- [Exercise]:
An exact copy of each line below is needed, with no images in it.

- [Source material]:

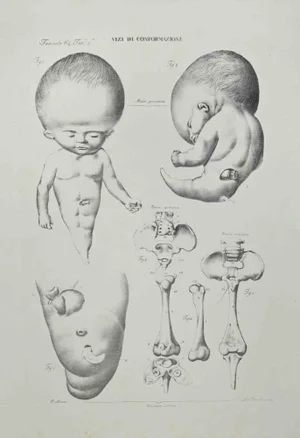 Ottavio Muzzi, Conformation Defects, Lithograph, 1843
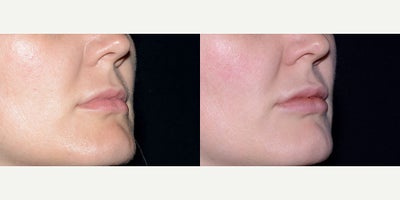 Case 7235 - 32 year old woman treated with Lip Implants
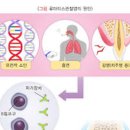 손가락 관절염 류마티스 관절염 (류머티스) 이미지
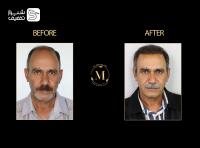 کاشت تخصصی مو، ابرو و ریش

- [Completed task]:
 Ottavio Muzzi, Conformation Defects, Lithograph, 1843
 Case 7235 - 32 year old woman treated with Lip Implants
 손가락 관절염 류마티스 관절염 (류머티스) 이미지
 کاشت تخصصی مو، ابرو و ریش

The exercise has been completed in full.